**Work instructions**
Quote, without any change, the line that contains "Adidas Adidas Vintage" and all lines that follow it to the end of the data below.

Records from a dataset:
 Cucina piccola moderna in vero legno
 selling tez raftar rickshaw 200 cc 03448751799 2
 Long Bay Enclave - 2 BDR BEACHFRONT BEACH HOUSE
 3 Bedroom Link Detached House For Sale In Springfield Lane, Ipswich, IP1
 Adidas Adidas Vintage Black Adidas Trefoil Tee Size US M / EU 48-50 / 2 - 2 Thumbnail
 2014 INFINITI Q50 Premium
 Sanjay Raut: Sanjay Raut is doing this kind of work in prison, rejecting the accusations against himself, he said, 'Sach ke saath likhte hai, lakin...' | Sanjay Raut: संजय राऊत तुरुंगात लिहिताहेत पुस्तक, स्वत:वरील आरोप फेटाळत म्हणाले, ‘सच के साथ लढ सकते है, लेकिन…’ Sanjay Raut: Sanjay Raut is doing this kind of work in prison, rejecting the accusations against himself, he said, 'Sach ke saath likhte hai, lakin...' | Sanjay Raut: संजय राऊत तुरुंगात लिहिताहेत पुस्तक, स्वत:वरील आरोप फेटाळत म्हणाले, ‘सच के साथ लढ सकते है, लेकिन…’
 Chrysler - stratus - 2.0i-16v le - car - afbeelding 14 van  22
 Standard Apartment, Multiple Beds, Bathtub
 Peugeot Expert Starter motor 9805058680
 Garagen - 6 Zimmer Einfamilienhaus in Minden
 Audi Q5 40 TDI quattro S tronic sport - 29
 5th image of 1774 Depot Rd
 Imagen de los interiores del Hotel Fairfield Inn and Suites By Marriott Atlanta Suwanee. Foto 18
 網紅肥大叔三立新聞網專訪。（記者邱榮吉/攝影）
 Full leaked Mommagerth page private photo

**Exercise result**
 Adidas Adidas Vintage Black Adidas Trefoil Tee Size US M / EU 48-50 / 2 - 2 Thumbnail
 2014 INFINITI Q50 Premium
 Sanjay Raut: Sanjay Raut is doing this kind of work in prison, rejecting the accusations against himself, he said, 'Sach ke saath likhte hai, lakin...' | Sanjay Raut: संजय राऊत तुरुंगात लिहिताहेत पुस्तक, स्वत:वरील आरोप फेटाळत म्हणाले, ‘सच के साथ लढ सकते है, लेकिन…’ Sanjay Raut: Sanjay Raut is doing this kind of work in prison, rejecting the accusations against himself, he said, 'Sach ke saath likhte hai, lakin...' | Sanjay Raut: संजय राऊत तुरुंगात लिहिताहेत पुस्तक, स्वत:वरील आरोप फेटाळत म्हणाले, ‘सच के साथ लढ सकते है, लेकिन…’
 Chrysler - stratus - 2.0i-16v le - car - afbeelding 14 van  22
 Standard Apartment, Multiple Beds, Bathtub
 Peugeot Expert Starter motor 9805058680
 Garagen - 6 Zimmer Einfamilienhaus in Minden
 Audi Q5 40 TDI quattro S tronic sport - 29
 5th image of 1774 Depot Rd
 Imagen de los interiores del Hotel Fairfield Inn and Suites By Marriott Atlanta Suwanee. Foto 18
 網紅肥大叔三立新聞網專訪。（記者邱榮吉/攝影）
 Full leaked Mommagerth page private photo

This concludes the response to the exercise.